Task instructions: The listing below contains a span that opens with the line containing "Fleece snow boots" and closes with the line containing "Mens Adidas St". Return that span exactly.

Data in this exercise:
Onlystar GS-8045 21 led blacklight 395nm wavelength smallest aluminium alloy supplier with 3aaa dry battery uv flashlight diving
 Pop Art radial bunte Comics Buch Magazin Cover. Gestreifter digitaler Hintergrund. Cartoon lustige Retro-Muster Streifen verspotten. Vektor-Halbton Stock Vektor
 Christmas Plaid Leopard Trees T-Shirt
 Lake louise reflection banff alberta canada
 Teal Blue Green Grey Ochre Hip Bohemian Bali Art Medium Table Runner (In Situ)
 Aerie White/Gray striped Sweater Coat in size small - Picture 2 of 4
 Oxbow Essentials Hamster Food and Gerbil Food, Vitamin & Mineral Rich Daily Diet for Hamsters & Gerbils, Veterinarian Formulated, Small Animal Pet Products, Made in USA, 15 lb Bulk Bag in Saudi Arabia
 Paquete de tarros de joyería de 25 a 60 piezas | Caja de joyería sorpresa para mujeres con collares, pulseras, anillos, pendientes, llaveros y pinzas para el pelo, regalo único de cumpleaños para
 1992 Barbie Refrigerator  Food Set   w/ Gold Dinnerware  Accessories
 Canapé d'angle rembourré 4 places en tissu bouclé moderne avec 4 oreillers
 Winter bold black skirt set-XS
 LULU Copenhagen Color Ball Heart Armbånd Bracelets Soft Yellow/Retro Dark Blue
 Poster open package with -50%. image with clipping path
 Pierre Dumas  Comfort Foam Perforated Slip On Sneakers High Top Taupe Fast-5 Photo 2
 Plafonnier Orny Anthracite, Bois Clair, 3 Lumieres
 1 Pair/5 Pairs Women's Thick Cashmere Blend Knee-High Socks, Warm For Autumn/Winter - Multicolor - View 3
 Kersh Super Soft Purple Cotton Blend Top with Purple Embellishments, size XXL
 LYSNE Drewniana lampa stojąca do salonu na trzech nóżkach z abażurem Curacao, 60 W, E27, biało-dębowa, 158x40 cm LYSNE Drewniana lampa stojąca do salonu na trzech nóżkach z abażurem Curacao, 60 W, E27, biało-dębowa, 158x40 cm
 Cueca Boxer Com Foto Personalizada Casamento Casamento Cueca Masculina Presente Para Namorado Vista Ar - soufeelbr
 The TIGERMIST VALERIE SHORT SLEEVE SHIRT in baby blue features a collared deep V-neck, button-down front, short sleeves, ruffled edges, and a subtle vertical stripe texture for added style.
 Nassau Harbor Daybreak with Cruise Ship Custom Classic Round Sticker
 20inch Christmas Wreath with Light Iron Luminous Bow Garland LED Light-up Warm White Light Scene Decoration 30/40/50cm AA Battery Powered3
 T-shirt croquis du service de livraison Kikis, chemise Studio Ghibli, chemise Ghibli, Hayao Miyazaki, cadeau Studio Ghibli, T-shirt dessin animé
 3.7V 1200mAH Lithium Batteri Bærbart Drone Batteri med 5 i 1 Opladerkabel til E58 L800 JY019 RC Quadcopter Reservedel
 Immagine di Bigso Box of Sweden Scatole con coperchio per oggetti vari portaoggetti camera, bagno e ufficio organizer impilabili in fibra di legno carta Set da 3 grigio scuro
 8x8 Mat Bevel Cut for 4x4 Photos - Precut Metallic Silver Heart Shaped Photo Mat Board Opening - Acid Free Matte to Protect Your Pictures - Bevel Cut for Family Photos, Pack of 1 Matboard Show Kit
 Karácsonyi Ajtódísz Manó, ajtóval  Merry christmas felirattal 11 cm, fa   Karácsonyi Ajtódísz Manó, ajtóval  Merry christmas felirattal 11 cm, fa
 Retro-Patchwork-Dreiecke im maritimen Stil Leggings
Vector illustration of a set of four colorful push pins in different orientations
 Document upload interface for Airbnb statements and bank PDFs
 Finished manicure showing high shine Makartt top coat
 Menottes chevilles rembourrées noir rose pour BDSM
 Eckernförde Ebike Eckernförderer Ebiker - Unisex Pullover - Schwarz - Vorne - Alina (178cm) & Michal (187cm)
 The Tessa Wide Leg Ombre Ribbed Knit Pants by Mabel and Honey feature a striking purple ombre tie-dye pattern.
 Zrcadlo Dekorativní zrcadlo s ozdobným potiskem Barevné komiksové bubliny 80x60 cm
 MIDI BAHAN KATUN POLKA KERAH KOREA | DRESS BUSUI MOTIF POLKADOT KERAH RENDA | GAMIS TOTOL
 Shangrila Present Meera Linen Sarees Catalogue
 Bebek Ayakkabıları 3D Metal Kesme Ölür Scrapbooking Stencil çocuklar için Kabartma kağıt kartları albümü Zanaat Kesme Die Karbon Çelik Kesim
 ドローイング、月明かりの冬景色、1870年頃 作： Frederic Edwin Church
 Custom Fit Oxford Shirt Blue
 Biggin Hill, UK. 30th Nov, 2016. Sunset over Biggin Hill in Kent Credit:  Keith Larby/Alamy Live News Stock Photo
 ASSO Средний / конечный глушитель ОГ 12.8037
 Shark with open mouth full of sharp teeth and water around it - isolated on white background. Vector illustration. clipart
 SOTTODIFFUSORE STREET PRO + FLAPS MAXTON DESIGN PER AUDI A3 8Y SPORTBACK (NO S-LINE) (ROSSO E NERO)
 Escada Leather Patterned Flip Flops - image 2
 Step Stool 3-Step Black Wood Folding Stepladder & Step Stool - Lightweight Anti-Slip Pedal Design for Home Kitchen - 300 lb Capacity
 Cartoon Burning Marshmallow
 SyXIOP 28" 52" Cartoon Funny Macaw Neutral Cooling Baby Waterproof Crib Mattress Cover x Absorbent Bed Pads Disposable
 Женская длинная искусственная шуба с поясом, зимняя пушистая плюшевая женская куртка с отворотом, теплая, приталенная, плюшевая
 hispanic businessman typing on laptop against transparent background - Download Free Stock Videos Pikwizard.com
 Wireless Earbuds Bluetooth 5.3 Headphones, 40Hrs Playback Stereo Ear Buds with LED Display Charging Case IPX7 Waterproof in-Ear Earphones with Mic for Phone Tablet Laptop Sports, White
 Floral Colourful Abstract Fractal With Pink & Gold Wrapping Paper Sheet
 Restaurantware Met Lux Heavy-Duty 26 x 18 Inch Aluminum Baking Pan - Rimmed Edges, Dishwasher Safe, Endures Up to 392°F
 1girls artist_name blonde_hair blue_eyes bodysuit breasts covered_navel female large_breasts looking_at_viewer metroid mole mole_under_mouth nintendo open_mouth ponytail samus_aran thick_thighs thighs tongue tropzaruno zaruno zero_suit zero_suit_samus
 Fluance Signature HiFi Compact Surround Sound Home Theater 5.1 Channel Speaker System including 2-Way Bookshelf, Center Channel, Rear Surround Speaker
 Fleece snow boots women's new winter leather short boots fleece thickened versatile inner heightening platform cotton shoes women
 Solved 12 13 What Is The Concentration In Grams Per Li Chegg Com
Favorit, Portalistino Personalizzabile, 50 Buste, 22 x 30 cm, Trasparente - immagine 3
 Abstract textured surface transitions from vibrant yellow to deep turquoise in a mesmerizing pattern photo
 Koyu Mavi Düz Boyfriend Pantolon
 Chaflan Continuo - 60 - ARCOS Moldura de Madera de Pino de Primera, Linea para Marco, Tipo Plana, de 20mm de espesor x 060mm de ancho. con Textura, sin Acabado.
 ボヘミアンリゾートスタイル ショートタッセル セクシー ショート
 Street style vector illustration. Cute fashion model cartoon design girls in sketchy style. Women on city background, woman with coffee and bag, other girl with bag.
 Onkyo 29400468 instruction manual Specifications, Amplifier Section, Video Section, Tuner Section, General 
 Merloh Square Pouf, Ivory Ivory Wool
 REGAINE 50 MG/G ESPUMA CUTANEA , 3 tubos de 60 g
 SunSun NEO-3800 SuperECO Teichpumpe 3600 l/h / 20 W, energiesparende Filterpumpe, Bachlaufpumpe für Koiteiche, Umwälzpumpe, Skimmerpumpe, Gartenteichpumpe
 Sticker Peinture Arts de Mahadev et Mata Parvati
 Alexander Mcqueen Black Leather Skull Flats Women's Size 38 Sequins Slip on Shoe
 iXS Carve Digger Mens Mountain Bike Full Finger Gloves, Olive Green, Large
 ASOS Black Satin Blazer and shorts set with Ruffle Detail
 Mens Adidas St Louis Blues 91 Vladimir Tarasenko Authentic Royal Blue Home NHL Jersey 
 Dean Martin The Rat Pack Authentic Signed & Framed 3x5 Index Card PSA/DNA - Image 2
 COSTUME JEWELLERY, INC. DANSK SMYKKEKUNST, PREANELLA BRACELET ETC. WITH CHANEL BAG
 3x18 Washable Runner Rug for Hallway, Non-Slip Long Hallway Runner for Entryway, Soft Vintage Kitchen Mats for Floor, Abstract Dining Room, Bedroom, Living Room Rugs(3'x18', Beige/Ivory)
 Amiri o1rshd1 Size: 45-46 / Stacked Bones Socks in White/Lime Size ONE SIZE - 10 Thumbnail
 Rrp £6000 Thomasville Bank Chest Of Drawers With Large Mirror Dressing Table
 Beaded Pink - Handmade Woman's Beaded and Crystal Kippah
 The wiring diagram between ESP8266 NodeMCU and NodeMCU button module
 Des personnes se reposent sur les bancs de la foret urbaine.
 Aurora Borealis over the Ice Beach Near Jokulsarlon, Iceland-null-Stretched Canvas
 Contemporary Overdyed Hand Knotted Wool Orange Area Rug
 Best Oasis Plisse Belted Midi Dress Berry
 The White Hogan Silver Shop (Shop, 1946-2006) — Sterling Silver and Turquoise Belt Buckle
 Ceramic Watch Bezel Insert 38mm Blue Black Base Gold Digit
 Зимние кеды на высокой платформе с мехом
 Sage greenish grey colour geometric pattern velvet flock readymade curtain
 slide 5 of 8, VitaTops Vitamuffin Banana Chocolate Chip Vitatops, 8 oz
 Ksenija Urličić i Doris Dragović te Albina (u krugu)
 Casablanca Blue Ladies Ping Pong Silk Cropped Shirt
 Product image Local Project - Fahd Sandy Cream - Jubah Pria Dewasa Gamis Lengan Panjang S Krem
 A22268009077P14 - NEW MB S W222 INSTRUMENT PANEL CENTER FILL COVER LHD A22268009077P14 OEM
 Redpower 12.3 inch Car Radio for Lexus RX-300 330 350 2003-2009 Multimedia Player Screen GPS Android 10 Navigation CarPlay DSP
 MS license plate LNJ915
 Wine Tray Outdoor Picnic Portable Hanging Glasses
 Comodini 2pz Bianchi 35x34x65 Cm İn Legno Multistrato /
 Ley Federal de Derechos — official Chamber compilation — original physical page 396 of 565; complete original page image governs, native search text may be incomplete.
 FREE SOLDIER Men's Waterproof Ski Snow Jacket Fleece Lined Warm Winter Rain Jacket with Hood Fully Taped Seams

Answer below:
 Fleece snow boots women's new winter leather short boots fleece thickened versatile inner heightening platform cotton shoes women
 Solved 12 13 What Is The Concentration In Grams Per Li Chegg Com
Favorit, Portalistino Personalizzabile, 50 Buste, 22 x 30 cm, Trasparente - immagine 3
 Abstract textured surface transitions from vibrant yellow to deep turquoise in a mesmerizing pattern photo
 Koyu Mavi Düz Boyfriend Pantolon
 Chaflan Continuo - 60 - ARCOS Moldura de Madera de Pino de Primera, Linea para Marco, Tipo Plana, de 20mm de espesor x 060mm de ancho. con Textura, sin Acabado.
 ボヘミアンリゾートスタイル ショートタッセル セクシー ショート
 Street style vector illustration. Cute fashion model cartoon design girls in sketchy style. Women on city background, woman with coffee and bag, other girl with bag.
 Onkyo 29400468 instruction manual Specifications, Amplifier Section, Video Section, Tuner Section, General 
 Merloh Square Pouf, Ivory Ivory Wool
 REGAINE 50 MG/G ESPUMA CUTANEA , 3 tubos de 60 g
 SunSun NEO-3800 SuperECO Teichpumpe 3600 l/h / 20 W, energiesparende Filterpumpe, Bachlaufpumpe für Koiteiche, Umwälzpumpe, Skimmerpumpe, Gartenteichpumpe
 Sticker Peinture Arts de Mahadev et Mata Parvati
 Alexander Mcqueen Black Leather Skull Flats Women's Size 38 Sequins Slip on Shoe
 iXS Carve Digger Mens Mountain Bike Full Finger Gloves, Olive Green, Large
 ASOS Black Satin Blazer and shorts set with Ruffle Detail
 Mens Adidas St Louis Blues 91 Vladimir Tarasenko Authentic Royal Blue Home NHL Jersey 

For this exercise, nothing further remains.